Señor, ayúdanos a ser fieles. Danos luego la gracia para dejar en Tus manos los resultados. Anónimo
Dios proveerá
Un amigo mío asistió a una reunión en la que varios dirigentes de iglesias cristianas contaron testimonios acerca de su trabajo. Un ponente de Sudamérica dijo que se había propuesto edificar una iglesia que Dios le había dicho que construya. En un momento dado el dinero que sustentaba la obra era tan poco que se hizo difícil continuar. Para colmo se presentaron algunos imprevistos que hicieron que el pastor se cuestionara si valdría la pena seguir adelante. No solo él abrigó dudas, sino también algunos miembros de su congregación. No obstante, tras inquirir a Dios acerca de los contratiempos, Él le confirmó que deseaba que finalizara la obra y —tal como Nehemías cuando reconstruía los muros de Jerusalén— que no debía permitir que las circunstancias lo desanimaran.
Fue así como ese pastor decidió seguir a Dios por muy difícil que estuviera resultando la construcción de la iglesia. Poco tiempo después recibió una llamada de un patrocinador que había prometido financiar la obra pero lo había venido posponiendo hasta entonces. Ese señor donó la cantidad exacta que hacía falta para terminar la edificación. El pastor concluyó su testimonio recordando a los oyentes que las pruebas y dificultades no deben tomarse enseguida como señales de que estamos fuera de la voluntad de Dios, algo que a menudo tenemos tendencia a pensar. Steve Hearts
El conductor de bus
De niño, Norman Geisler asistió a un estudio bíblico invitado por otros chicos del vecindario. Por 400 domingos siguió asistiendo a la catequesis dominical de la misma iglesia. Cada semana lo recogía sin falta un conductor de bus. Semana tras semana asistió a la iglesia sin comprometerse nunca con Cristo.
Finalmente, durante su último año de secundaria, luego que lo recogieran 400 veces para llevarlo a la iglesia, sí consagró su vida a Cristo. ¿Qué habría pasado si aquel conductor se hubiera cansado de recoger a Geisler al cabo de 395 domingos? Imagínense si el chofer hubiera dicho: «Este muchacho no va a ninguna parte espiritualmente. ¿Para qué sigo perdiendo el tiempo con él?» Max Lucado[1]
Vale la pena esperar
Me incentivan mucho los ejemplos de paciencia de David y de Jesús. Es que soy una persona muy impaciente. En sentido figurado, no me importa el esfuerzo que exige una carrera corta, ¡pero no soporto el tedio de un maratón! Quiero llegar a la meta lo más rápido posible. Sin embargo, como reza el refrán: «La vida no es un esprint, sino un maratón». Los tramos largos y tediosos de la carrera son los que fortalecen mis músculos de paciencia. Al estar estos bien tonificados me ayudarán a resistir los tramos difíciles que me aguardan. Así, cuando al final cruce la línea de meta y reciba mi medalla, significará mucho más para mí gracias a la ardua espera y perseverancia.
Si preguntáramos a cualquier atleta por qué atribuye tanto valor a su medalla, no creo que diría: «Porque está hecha con materiales de primera» ni «porque me encanta la inscripción tan artística que lleva». Creo que diría más bien algo así: «Mi medalla no tiene precio para mí, pues me costó sangre, sudor y lágrimas. Luché por conseguirla. Tuve que esperar para obtenerla. Sufrí por ella». Cuando pienso que las circunstancias de la vida me obligan a andar a paso de tortuga, procuro recordar que lo mejor que puedo hacer es ser paciente, cumplir con la parte que me corresponde y visualizar esa medalla que Dios me ha prometido.
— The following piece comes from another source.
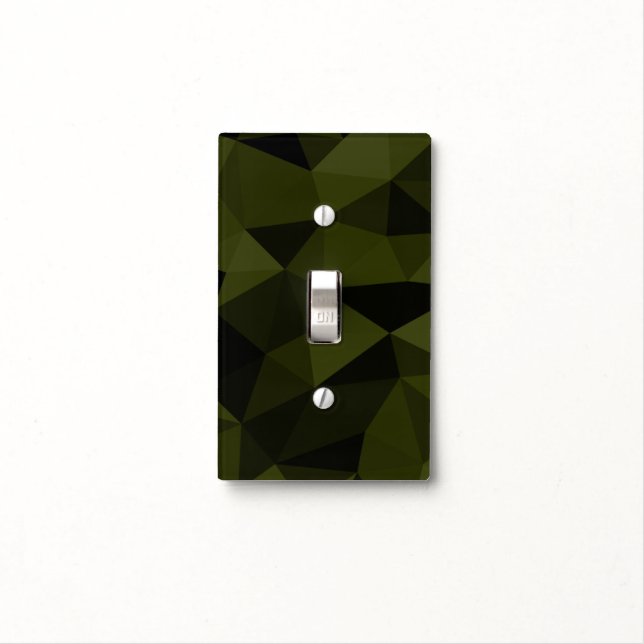 Dark army green black geometric mesh pattern cool  light switch cover (In Situ)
La Biblia promete una corona de vida a los que perseveren hasta el fin[2]. ¡Esa es una medalla por la que vale la pena perseverar!
En el primer capítulo de Santiago se encuentra un versículo que siempre me ha alentado a ser paciente y perseverar. Dice: «La prueba de su fe produce constancia. Y la constancia debe llevar a feliz término la obra, para que sean perfectos e íntegros, sin que les falta nada»[3].
«Perfectos e íntegros, sin que les falte nada»: ¡para eso sí que vale la pena esperar! Elsa S.
Publicado en Áncora en marzo de 2021.